Show that if $c : \mathbb R → \mathbb R^n$ is a parametrisation by arc-length of a closed curve, then c is periodic.
My attempt:- I know the definition of periodic curve as A parametrised curve $c : \mathbb R → \mathbb R^n$ is called periodic with period $L$ if for all $t ∈ \mathbb R$ we have $c(t + L) = c(t), L > 0,$ and there is no $0 < L' < L$ such that $c(t + L' ) = c(t)$ for all $t ∈ \mathbb R$ as well. A curve is called closed if it has a periodic regular parametrisation.

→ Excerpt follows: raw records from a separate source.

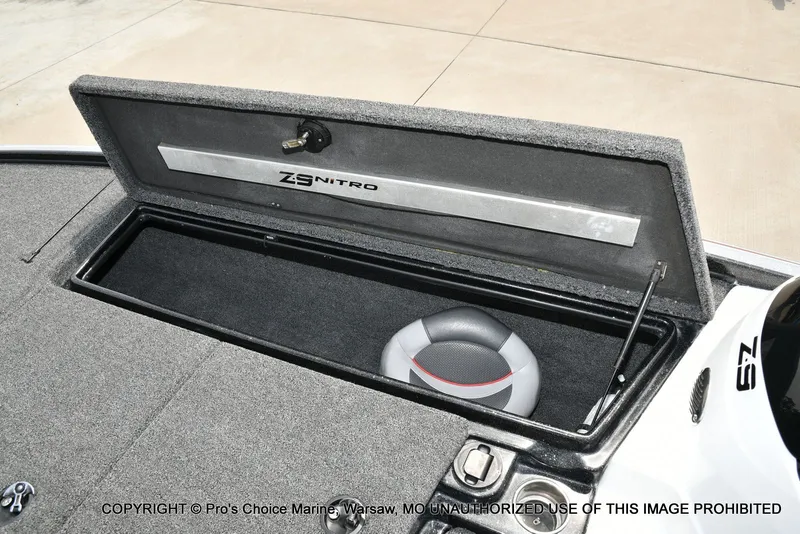 Slide: The Image of Nitro Z-9 w/250 Pro-XS 2013 - 61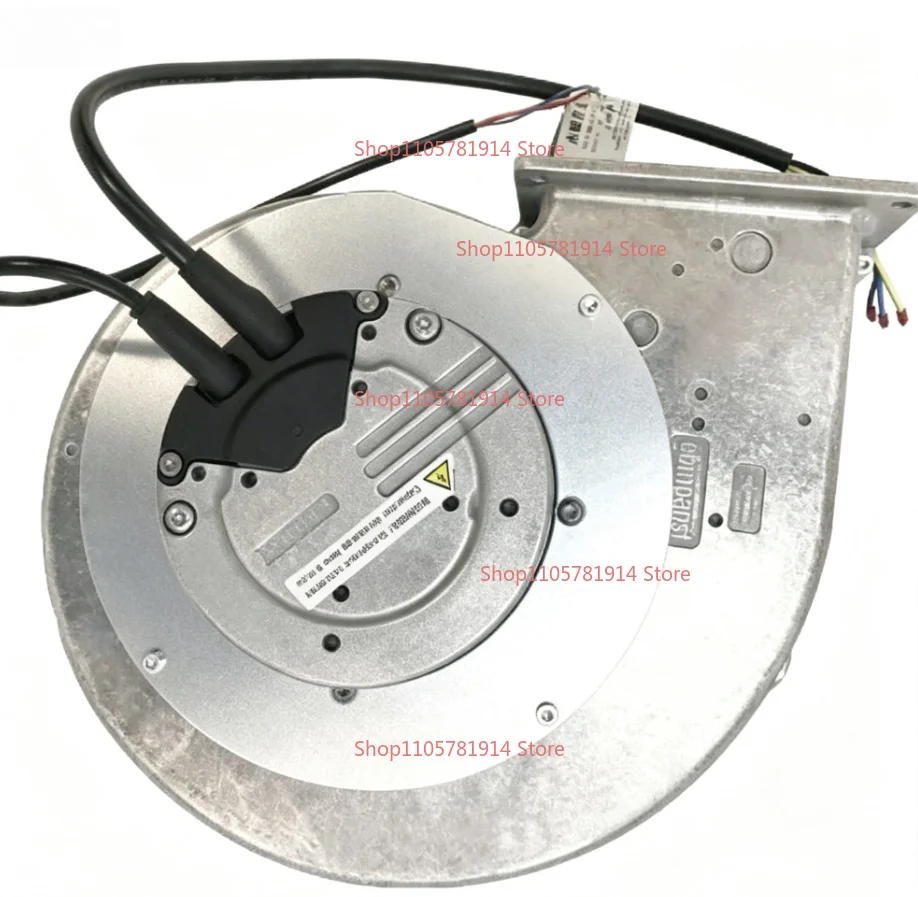 For G3G160-AC50-01 G3G160-CU09-11 230V Germany, Imported Fan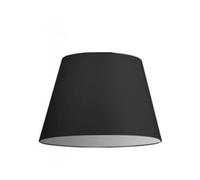 Tolomeo Mega LED Floor abat-jour satin noir Ø360 Artemide - 8052993005250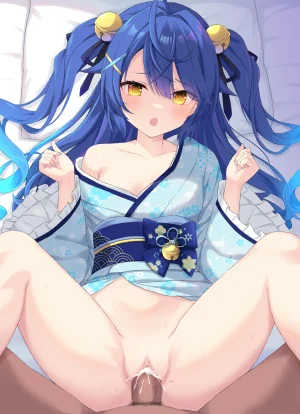 Fanbox 黒乃柚子 Kurono Yuzuco 2025-2026 Collection - Page 597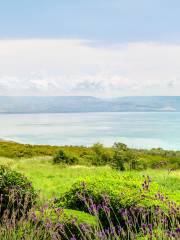 Mount of Beatitudes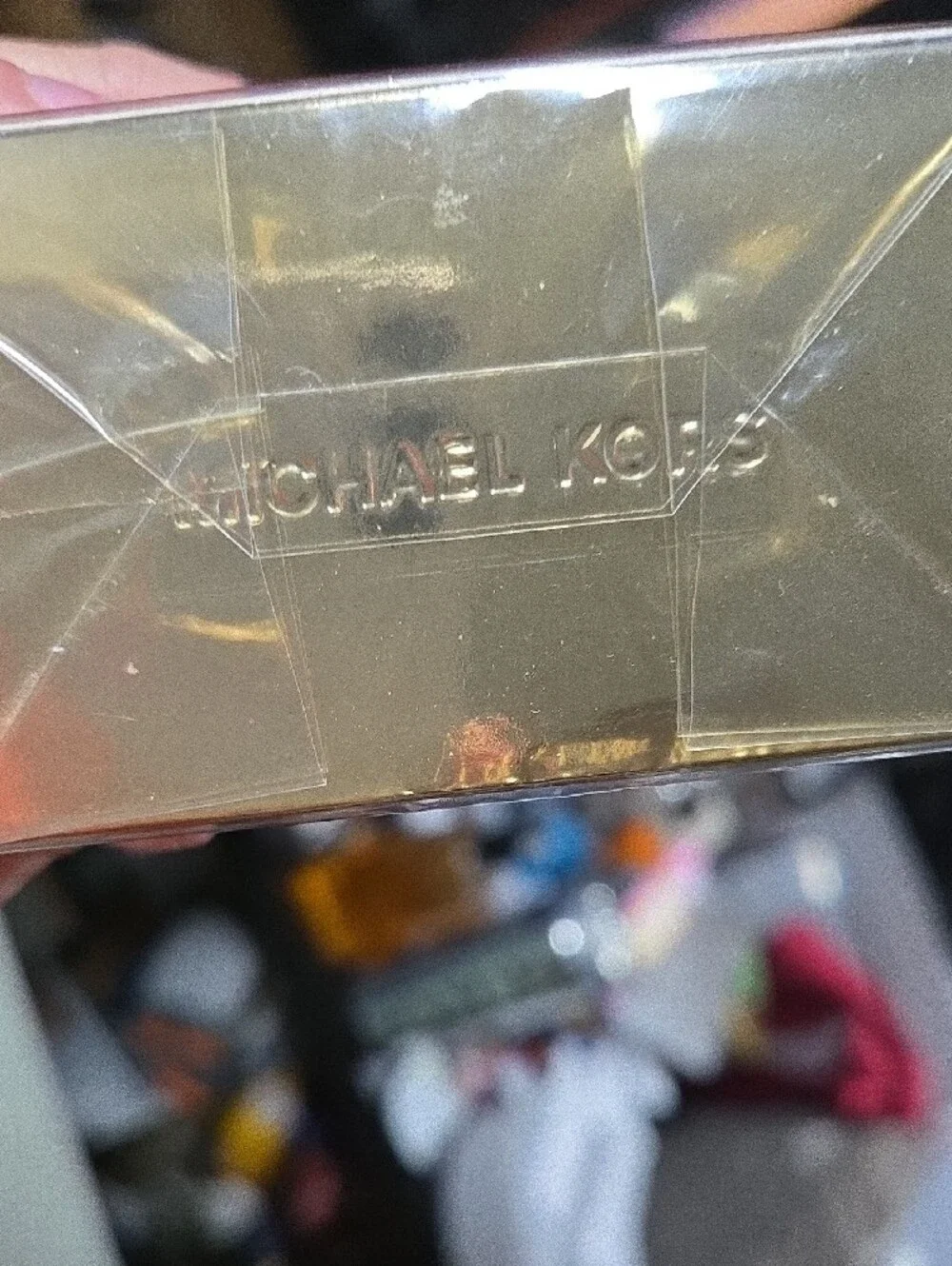 Michael Kors Sexy Ruby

I know here Period will be arc length($S$) of the curve. Let $c:[0,S]\to \mathbb R^n$ represent the closed curve. $c(s+S)=c(\int_0^s||\dot{c}(t)||dt+ S)$. I don't know How to proceed further. Please help me.

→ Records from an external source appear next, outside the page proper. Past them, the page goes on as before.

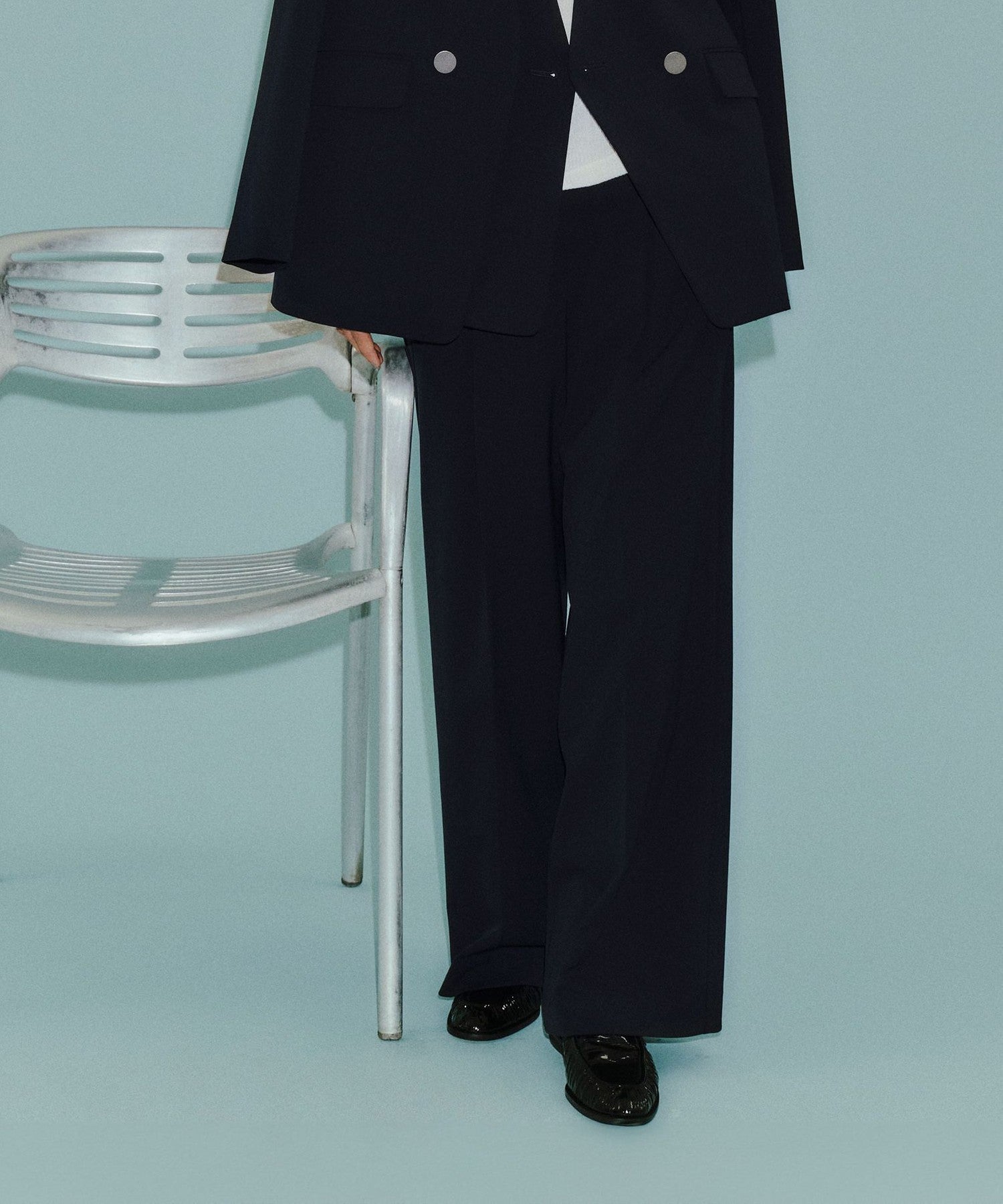 2341-N5R6565328__,28,モデル身長166cm 着用サイズ：M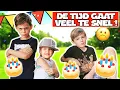 Download Lagu 🎉 WIJ VIEREN DE VERJAARDAGEN VAN ALLE KINDEREN !!! 🎉 (MEGA GROOT FEEST !) - De Bakkertjes #957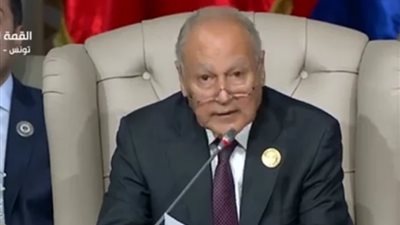 أحمد أبو الغيط: نرفض تدخلات إيران وتركيا لأنها فاقمت من تعقد الأزمات 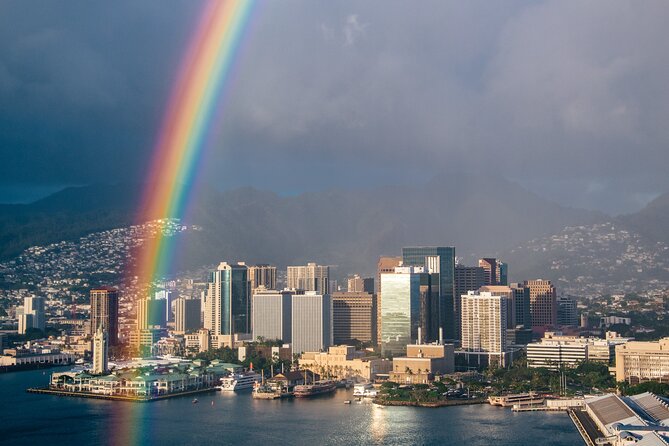 Oahu: 45 Minute Sights Unseen Helicopter Tour - Doors Off or On - Price, Value, and Who This Tour Is For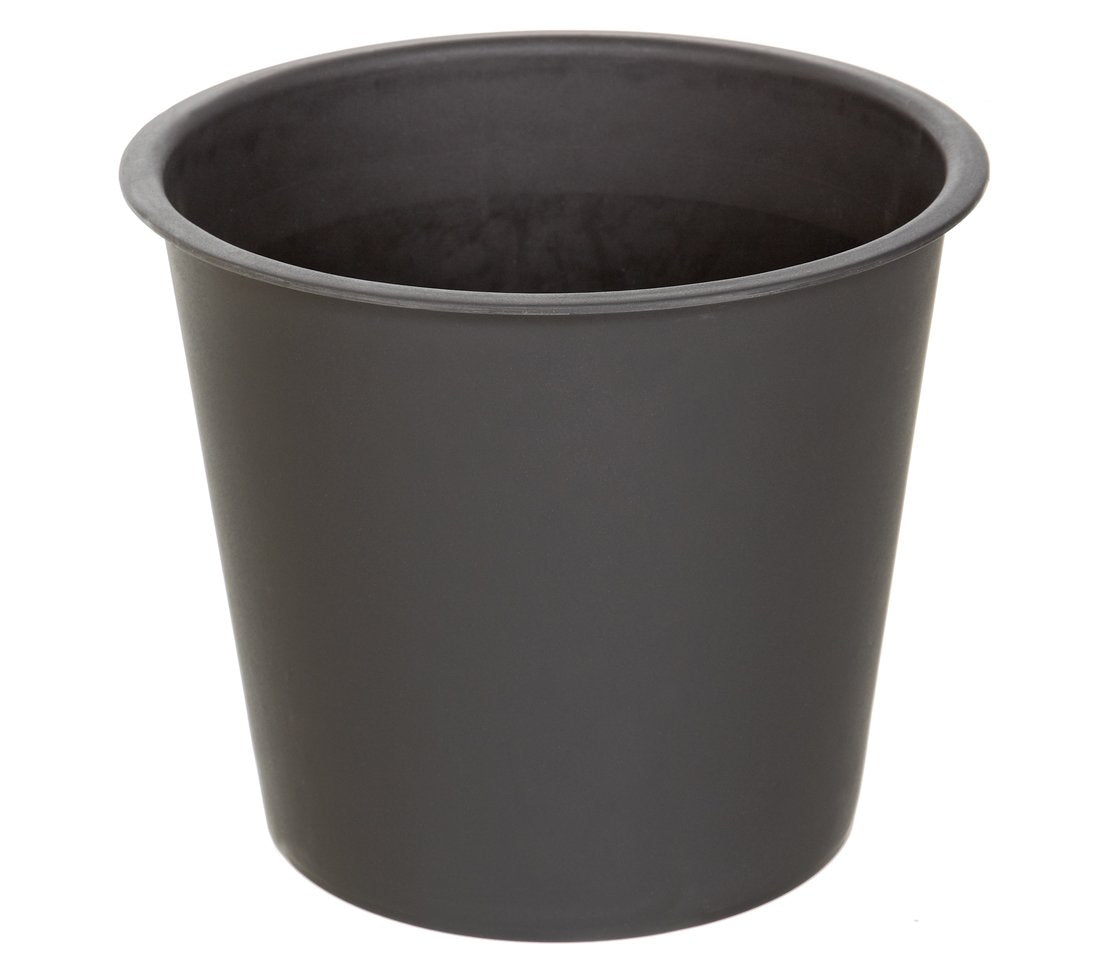 Dehner Universal Plant Pot – 35cm Plastic Frost-Resistant Planter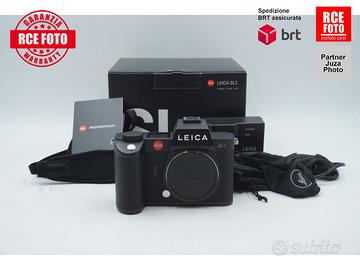 Leica SL2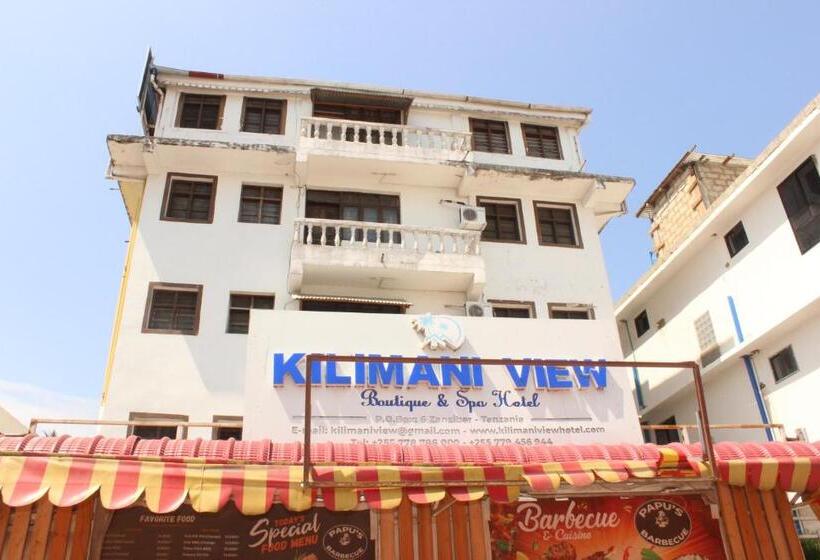 فندق Kilimarni View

Suppose you have an arc-length parametrization $c(s)$ of a regular closed curve. Being closed, according to your definition, means that there is a regular parametrization $\gamma:\mathbb{R}\to \mathbb{R}^n$ which is periodic, $\gamma(t+L)=\gamma(t)$ for any $t$ ($L$ is the principal period, as in your definition). Choose $t_0$ such that $\gamma(t_0)=c(0)$. By regularity, $\|\gamma'(t)\|>0$ and then $$ s(t)=\int\limits_{t_0}^t\|\gamma'(r)\|\,dr $$ is a strictly increasing function, with $s(t_0+L)=S$ (total length of the curve) and $s(t)=at+f(t)$, where $a=S/L$ and $f$ is periodic with period $L$ (this is a general fact: the integral of a periodic function is linear + periodic, you can easily prove this yourself). Therefore, for any $s=s(t)$, $$ c(s+S)=\gamma(t+L)=\gamma(t)=c(s), $$ thus proving the claim.